Delta Deal Could Scrap Pilots’ Pensions

Plans are underfunded by 47 percent.

Delta Air Lines has offered its pilots a $300 million pay package in exchange for the right to terminate its pension plan, according to The Wall Street Journal, citing people familiar with the matter. Under the proposal, the $300 million payment would be in the form of an interest-bearing note.

Officials at the embattled airline noted that the company has not made a decision on whether to terminate its pilot pension plan, which is currently 47 percent underfunded, said the paper. Of course, if the pilots accept the deal, the federal government would be saddled with the unfunded obligations, which will put further strain on the already deficit-laden Pension Benefit Guarantee Corp. (PBGC).

In November, officials at the PBGC — the government’s pension insurer — warned that the total shortfall in insured single-employer plans remained in excess of $450 billion.

Delta spokesman Anthony Black noted that the airline “has not told the pilots that it plans to terminate the pension plans,” adding that “we’re continuing to work hard to save our employee pensions,” reported the Journal.

Delta reduced the amount of concessions it is seeking to $315 million annually, from its previous offer of $325 million. Still, under the latest proposal, the pilots would see their pay cut by 18 percent.

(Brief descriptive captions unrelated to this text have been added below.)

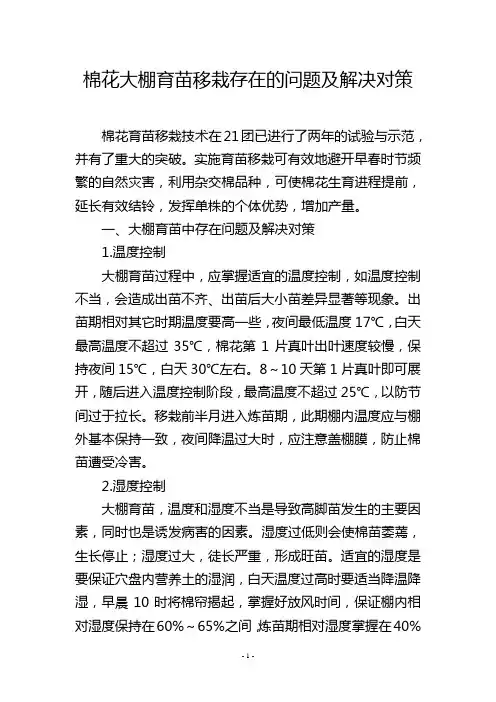棉花大棚育苗移栽存在的问题及解决对策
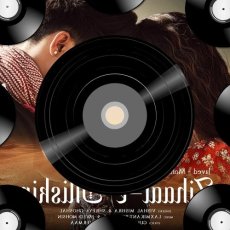 Ladke Rote Nahi Hain Mp3 Ladke Rote Nahi Hain Mp3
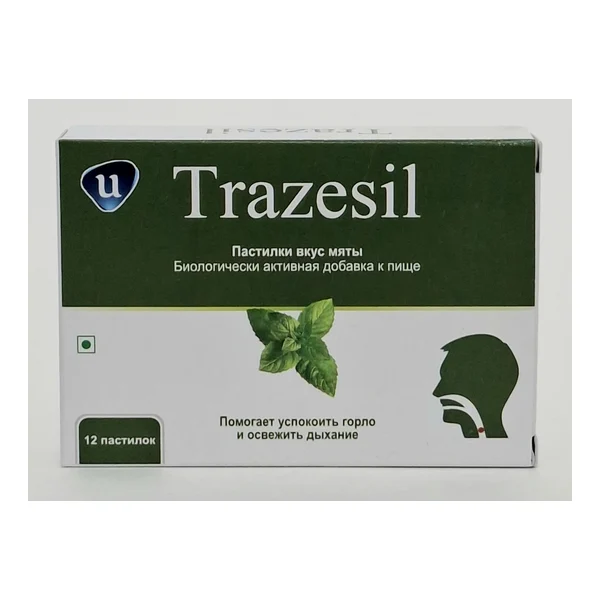 Trazesil lozenges mint x 12 Prints Suppliko/INDIA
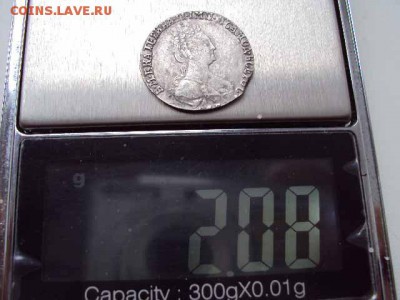 гривенник 1778 года состояние. - DSC02643.JPG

John Culp, an Air Line Pilots Association spokesman, asserted that whatever payment Delta’s pilots might receive for agreeing to terminate the pension plan would be a fraction of what the airline would save by relinquishing its pension obligations, reported the paper. And, given that the pilots are relatively well paid, many would see their pensions cut if the plans were transferred to the PBGC, which caps individual payments at levels far below the average salary of a commercial airline pilot.

Meanwhile, the pilots have reportedly set in motion a plan to strike over the pension issue, among other complaints.